Jetzt ist Deine Meinung zu *Atari: Rapidshare-Prozess positiv verlaufen - Filehoster zukünftig verantwortlich für Urheberrechtsverletzungen* gefragt. 


				Bitte beachtet: Der Kommentarbereich wird gemäß der Forenregeln moderiert.





			Dieser Inhalt steht nur eingeloggten Mitgliedern zur Verfügung.
        

 Zum Artikel: Atari: Rapidshare-Prozess positiv verlaufen - Filehoster zukünftig verantwortlich für Urheberrechtsverletzungen


----------



## Kerusame (13. Juli 2012)

wenn sie nun jede datei darauf überprüfen müssen ob es nicht vielleicht urheberrechtlich geschützt ist können sie auch gleich zu machen, erstens bedeutet das dass jede datei egal ob vom nutzer gewollt oder nicht durchsucht wird (auch dokumente o.ä.), und zweitens heißt das dass einige leute nur zum durchforsten von "daumen^pi" dateien abgestellt werden müssen = kostenexplosion


----------



## BiJay (13. Juli 2012)

Kerusame schrieb:


> wenn sie nun jede datei darauf überprüfen müssen ob es nicht vielleicht urheberrechtlich geschützt ist können sie auch gleich zu machen, erstens bedeutet das dass jede datei egal ob vom nutzer gewollt oder nicht durchsucht wird (auch dokumente o.ä.), und zweitens heißt das dass einige leute nur zum durchforsten von "daumen^pi" dateien abgestellt werden müssen = kostenexplosion


 Müssen sie ja nicht. Steht nur da, dass sie reagieren müssen, wenn es gemeldet wird.


----------



## hw1972 (13. Juli 2012)

ganzes zitat des richters: "Der Dienst heißt nun mal Rapidshare und nicht Rapidstore – und das sagt schon alles."

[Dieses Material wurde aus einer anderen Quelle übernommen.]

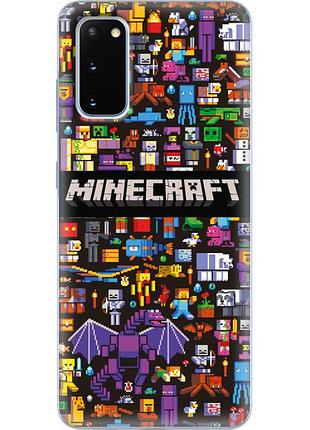 Чехол силиконовый с картинкой на samsung galaxy s20 (g980) (майнкрафт, minecraft)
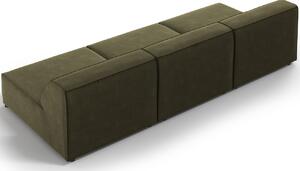 Zöld bársony háromszemélyes kanapé MICADONI Jodie 240 cm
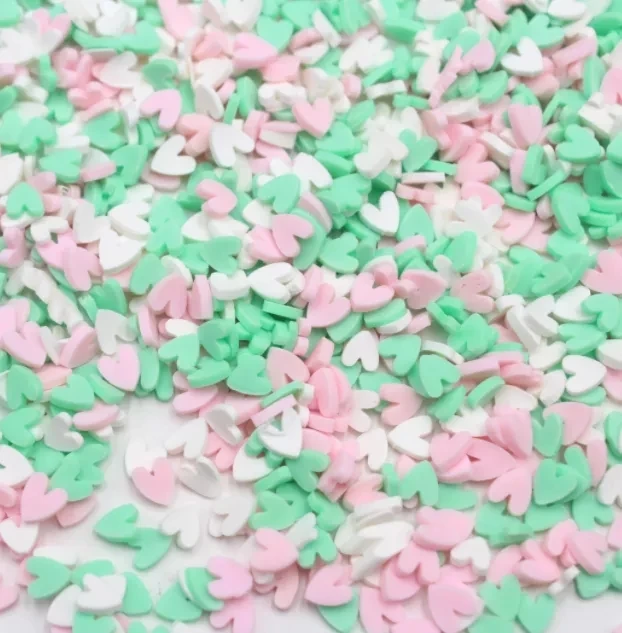 50g/lot 5mm Love Heart Shape Polymer Slices Hot Soft Clay Sprinkles for Arts and Mobile Decoration DIY Crafts Filler Accessories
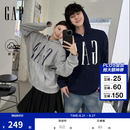 盖璞Gap男女装2026秋新品logo胶印抓绒连帽开衫宽松卫衣1SS623907 海军蓝 S (165/88A)亚洲尺码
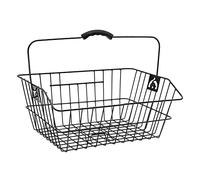 P4B | Rear wheel - bicycle basket | Plastic Ergo grip guard | With bracket | Easy to hook onto the luggage carrier | Recess for spring flap | Wide-meshed steel wire mesh | In black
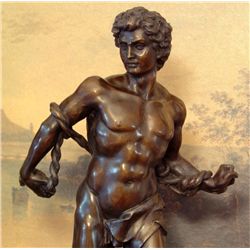 Roped Warrior Bronze Sculpture
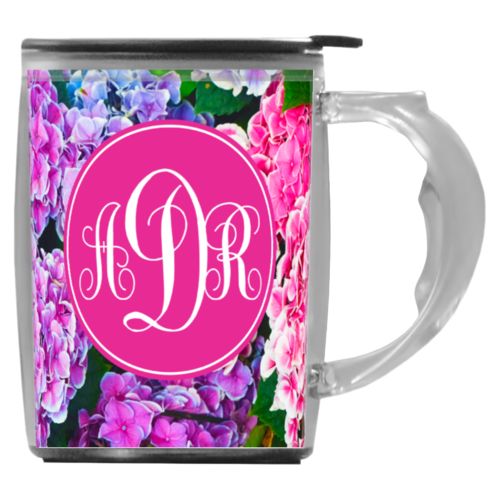 Custom mug with handle personalized with hydrangea pattern and monogram in pink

sehr gute juristische begründung, muss man schon sagen. m(


----------



## Gothard (13. Juli 2012)

Wo bitte ist das denn ein Positiver verlauf eines Prozesses? Ich meine die bieten einem Speicherplatz im Internet an, was können die dafür was mit dem gemacht wird?

Waffenhändler werden auch nicht zur Rechenschaft gezogen, wenn jemand mit der verkaufen Waffe umgebracht wird oder?

Soll nun alles Durchsucht werden?

Ich als Filehoster würde eine Konzerneigene Verschlüsselung und Verpacksystem wie zB Zip oder WinRar entwickeln so das ich ohne Password nicht die Dateneinsehen kann. Somit wäre dieser Teil...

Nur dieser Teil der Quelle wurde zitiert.